=== Begin Enclosure ===

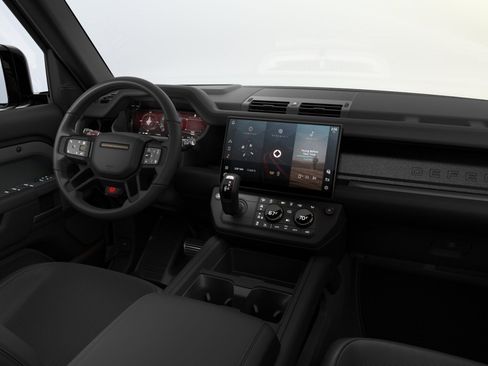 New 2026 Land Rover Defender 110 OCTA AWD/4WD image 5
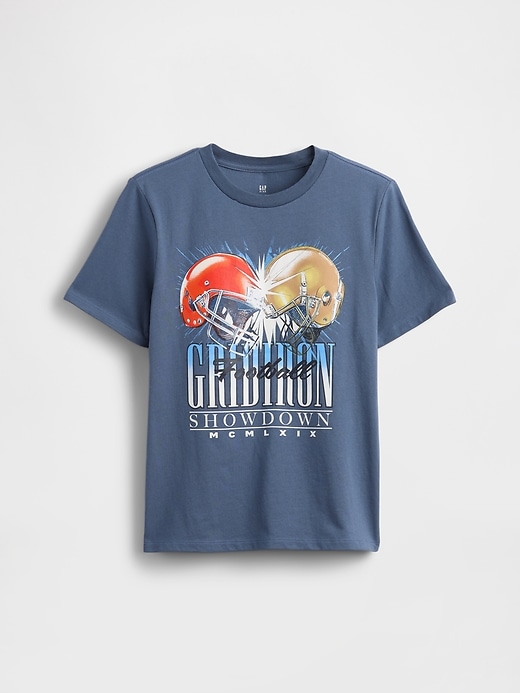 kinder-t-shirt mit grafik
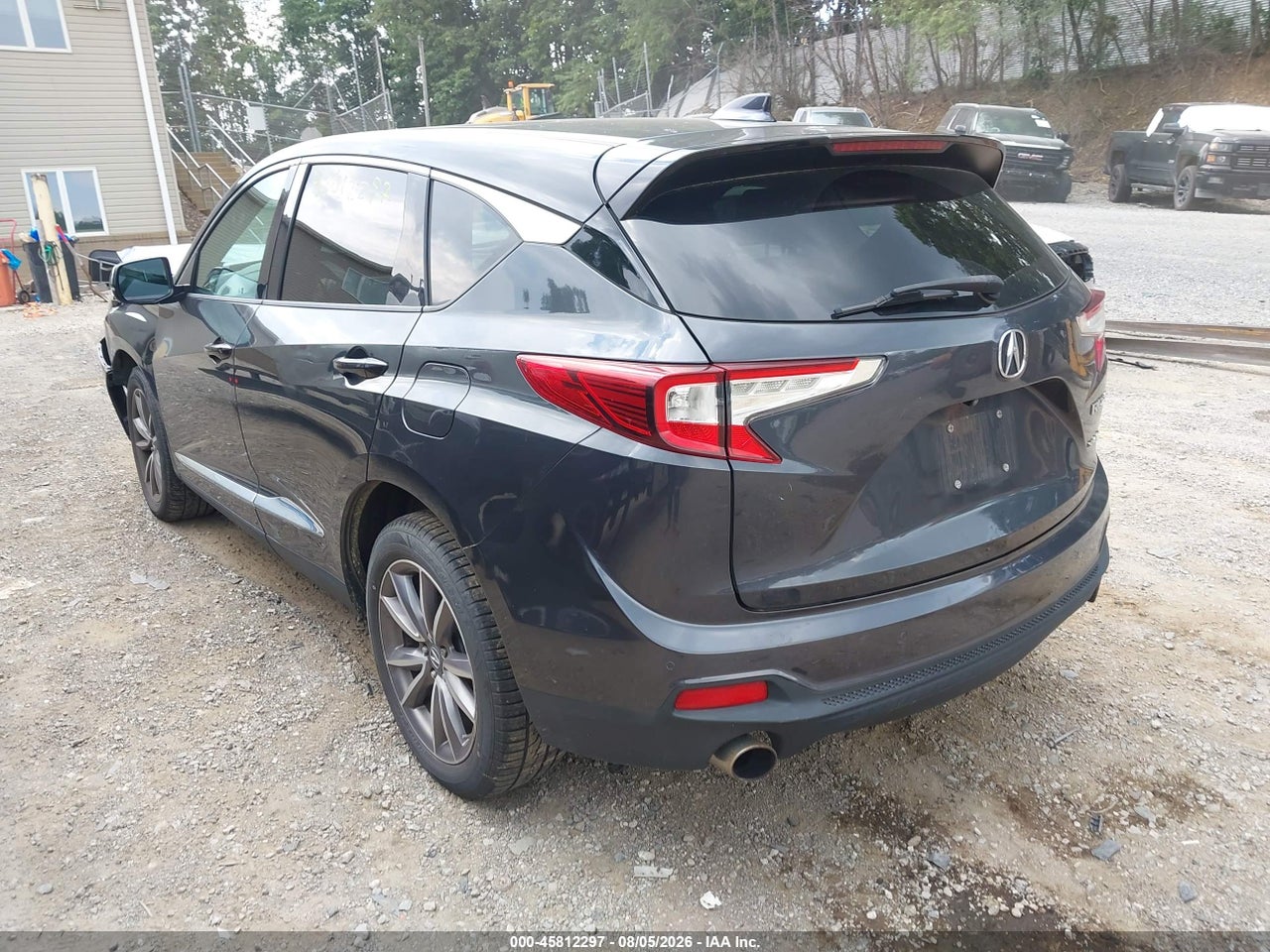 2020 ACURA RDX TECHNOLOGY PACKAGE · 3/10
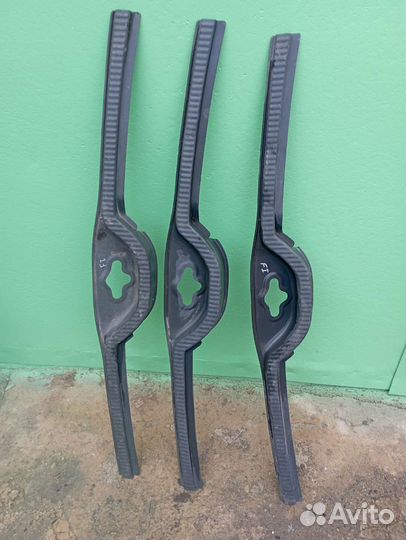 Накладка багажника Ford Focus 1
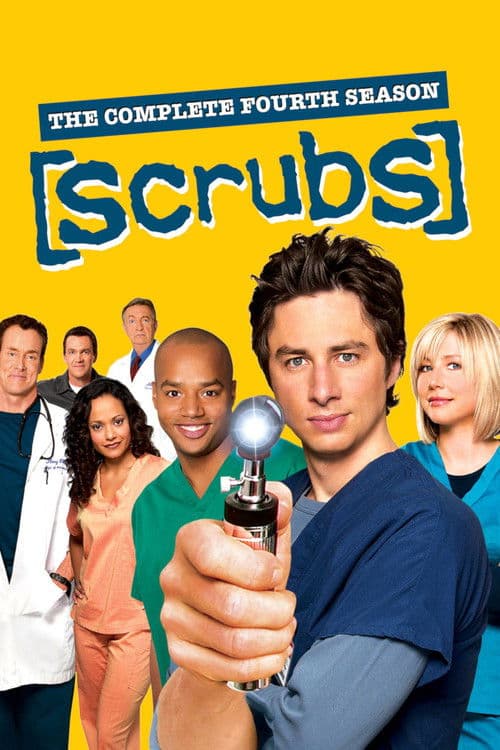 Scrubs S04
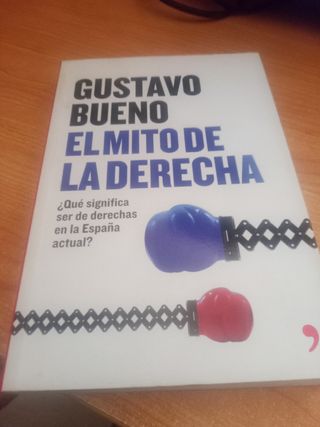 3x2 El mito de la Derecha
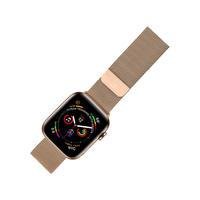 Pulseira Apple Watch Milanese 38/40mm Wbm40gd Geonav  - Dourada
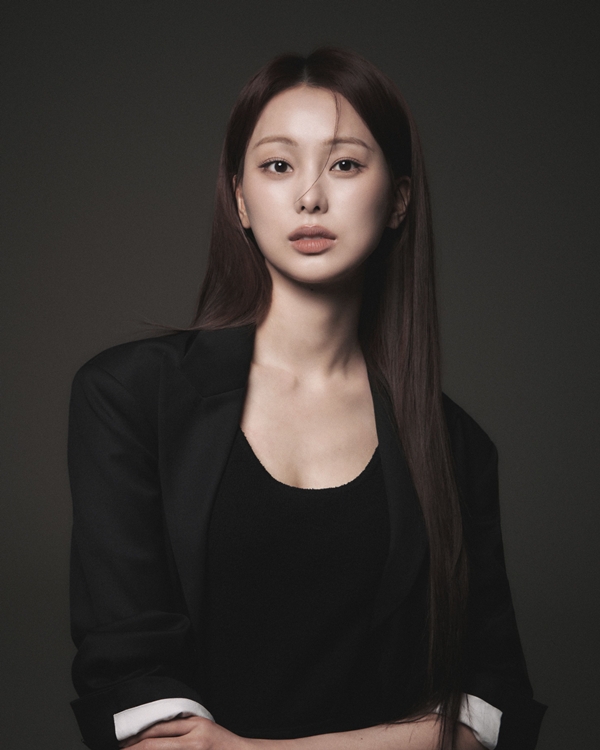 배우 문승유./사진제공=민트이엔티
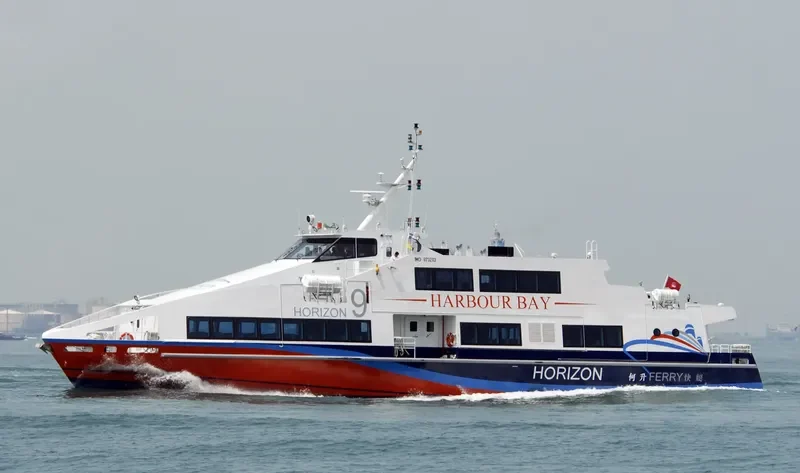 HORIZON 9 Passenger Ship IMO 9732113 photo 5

=== End Enclosure ===
=== Begin Enclosure ===

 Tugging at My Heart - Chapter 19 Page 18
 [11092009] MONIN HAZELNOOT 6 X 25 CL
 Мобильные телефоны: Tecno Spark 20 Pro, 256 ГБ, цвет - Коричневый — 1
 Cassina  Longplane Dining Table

=== End Enclosure ===
=== Begin Enclosure ===

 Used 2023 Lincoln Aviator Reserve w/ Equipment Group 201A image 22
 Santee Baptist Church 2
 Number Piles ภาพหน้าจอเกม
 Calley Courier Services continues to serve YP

=== End Enclosure ===

Copy out, exactly and alone, the lines of the entries above between the ones holding "Tugging at My Heart - Chapter 19 Page 18" and "Longplane Dining Table", inclusive.

Answer section:
 Tugging at My Heart - Chapter 19 Page 18
 [11092009] MONIN HAZELNOOT 6 X 25 CL
 Мобильные телефоны: Tecno Spark 20 Pro, 256 ГБ, цвет - Коричневый — 1
 Cassina  Longplane Dining Table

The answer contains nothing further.